A (Difficult and Theoretical Author) – Who is asking?
R – I am. Over here! A curious and distracted reader.
A – Curious and distracted?
R – Yes, curious because everything seems to interest me. Distracted because, well… because I skip, digress, postpone, interrupt… There are too many books, too many web pages. We are all distraught by distraction. Our attention spans have serious limitations.
A – Then this book is for you.
R – That’s what every author says!
A – I’m serious. It is a book for the curious and distracted.
R – Why?
A – Because it is a book about a digital archive about a book.
R – The usual self-conscious, self-reflexive, self-referential mise en abyme…
A – To some extent. But it is also a miroir déformant.
R – What?
A – A distorting mirror.
R – Distorting? Are you referring to the distortion created by the transposition across media?
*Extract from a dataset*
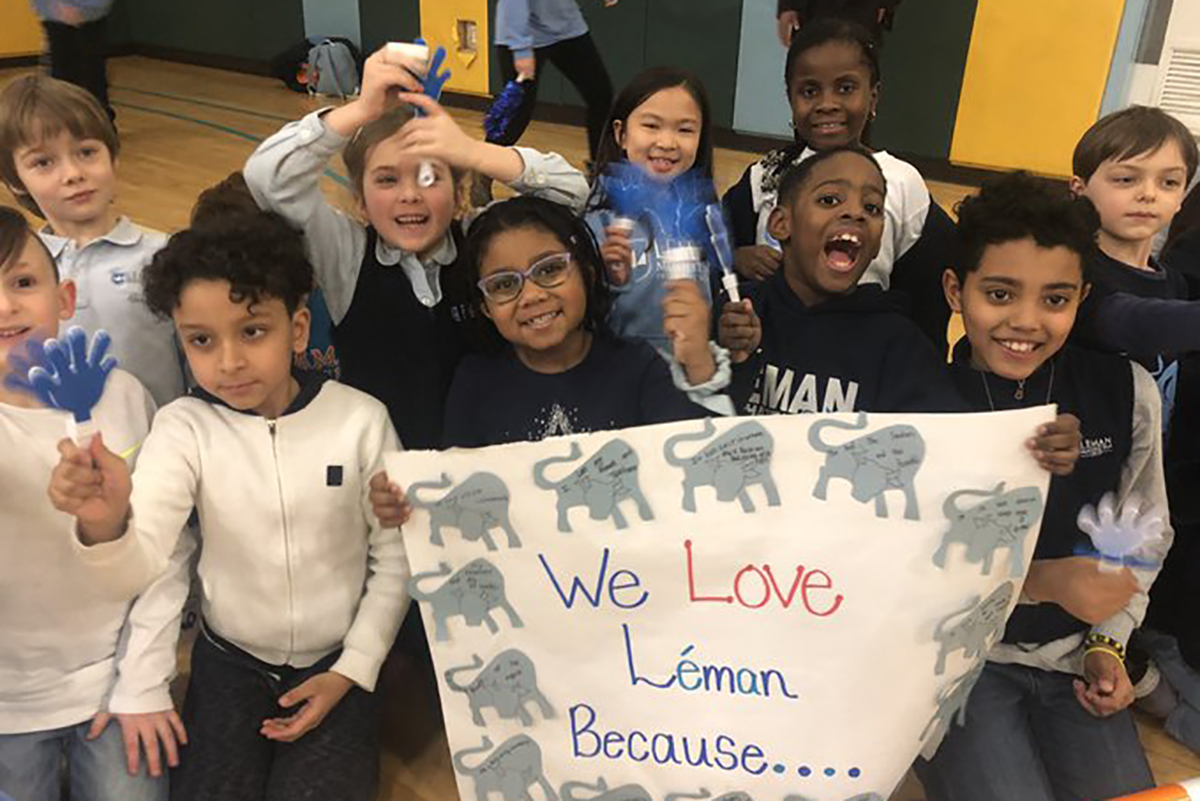 Kids holding up sign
A – Exactly. Brilliant! I had a feeling I could count on you.
R – On me?
A – Yes, count on you both as a curious and a distracted reader.
R – I understand that you count on the curious… but on the distracted?
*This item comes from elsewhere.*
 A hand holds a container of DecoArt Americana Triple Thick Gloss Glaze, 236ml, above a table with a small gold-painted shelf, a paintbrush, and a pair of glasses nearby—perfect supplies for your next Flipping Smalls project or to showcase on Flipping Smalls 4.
A – Let’s go back to the idea of a distorting mirror. This book describes the digital modeling of another book.
R – A sort of media mirror?
A – Yes, but one with very specific properties. The digital medium works as a critical interruption of the form and experience of the printed book. It shows how it is not possible to mirror it in the new medium except as an epistemic illusion.
R – Critical interruption? Epistemic illusion? I suppose you really want to distract me…
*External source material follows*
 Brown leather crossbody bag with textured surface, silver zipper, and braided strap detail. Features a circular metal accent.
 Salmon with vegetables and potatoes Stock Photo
A – Let’s assume that the distraction would be an effect of the interruption of one medium by another. It is as if we were forced to look again at our literary practices with a new perspective. A textual and material reframing.
R – I see what you mean.
A – I will put it another way: the digital medium can be used to ask new questions about the nature of literary communication. For example, have you ever asked yourself what is a literary experience?
R – If it is an experience, I think it is something that we should enjoy, rather than something to write about. I enjoy my experiences. So is your book about that?
A – You can say it is, up to a point. About the enjoyment, and about the conditions for that experience. It’s about literary actions.